First - I've been told that hormones fluctuate throughout the day so one blood test, or even several, cannot be definitive. Some docs do saliva tests, other docs say they're worthless. Who knows?
BUT, I can attest that menopause can wreck havoc on moods. My anxiety can go through the roof due to small life circumstances. A low dose of benzodiazapines (sp? like Valium) have been prescribed but even at miniscule amounts, I become extremely lethargic and feel removed from life itself. Plus there is the addiction factor & my family history isn't great in that area. It does help with sleep - for about four hours and then I'm wide awake. Not good.
My husband, bless his heart, is the pillar of understanding. I'm extremely lucky & blessed to have him in my life. Still - I have to live with me and that isn't easy. Medically, I'm finally (really!) going to see a naturopath next week. Bioidentical hormones were not my answer because of side effects (IBS becomes exacerbated, cannot wear contacts due to dry eyes, joints become very sore) so this person is my last medical hope. Hot flashes are still severe. When I die you'll know my grave site - hot coals will be tame in comparison.

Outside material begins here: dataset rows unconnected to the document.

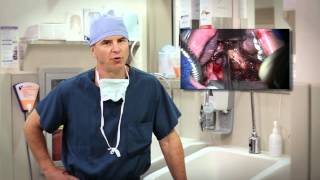 Transoral Surgery for Head and Neck Cancer  Mayo Clinic [upl. by Iaoh]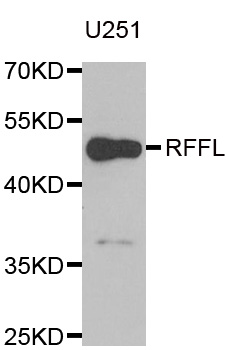 RFFL Antibody - Western blot analysis of extracts of U251 cells.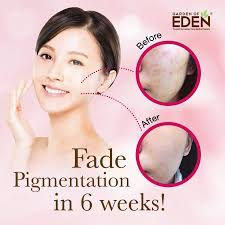 Opening from light green buds and developing into creamy white then a delicate light pink. Testimoni Serum Eden Rosa E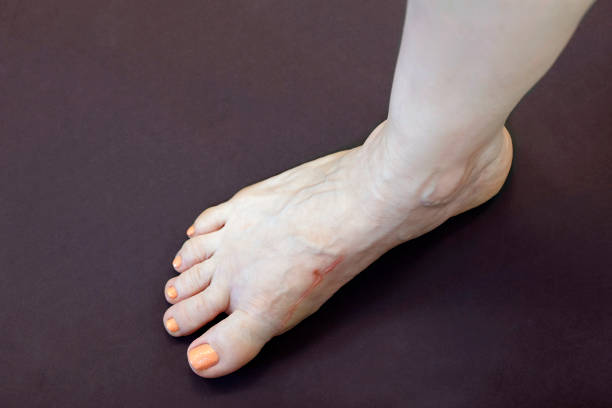 What are the Symptoms of Swelling on Top of Foot and the Treatment for Swelling on Top of Foot?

So, that's the bad stuff. I do believe that things happen for a reason and I think menopause is a time when we can look inside for our answers. I've been doing meditation and am preparing to again go through the Jon Kabat Zinn 8 week meditation series for anxiety. It reminds me that I may have anxiety but that doesn't define me as a person. It teaches me to watch my thoughts & realizing that they 1. affect mood profoundly and 2. are not always accurate. It helps put things into perspective. Plus, there are no side effects. The challenge is to make the time and realize that even if you can only sit still for a minute, that is better than nothing. It does get easier with time, then it gets a little harder, then easier. It's two steps forwards, one step back. But the times when I can be OK in my own skin are wonderful and definitely more frequent.
I recommend the book, Full Catastrophe Living, by Kabat-Zinn as a great starting point. He talks about being mindful in everyday life. I hadn't realized how much of my life was spent either ruminating over the past or worrying about the future. 98% of my fears never come true. In the meantime, I'm not present for the small joys in my life that add up to a peaceful existence. I'm not perfect and still have to really practice - and - it is getting better. It isn't instantaneous but real, long lasting deep changes take time.
So - maybe not the answer you're looking for but it's working for me. Maybe I'm lucky that I cannot take most medications because I'm forced to do this work. Who knows?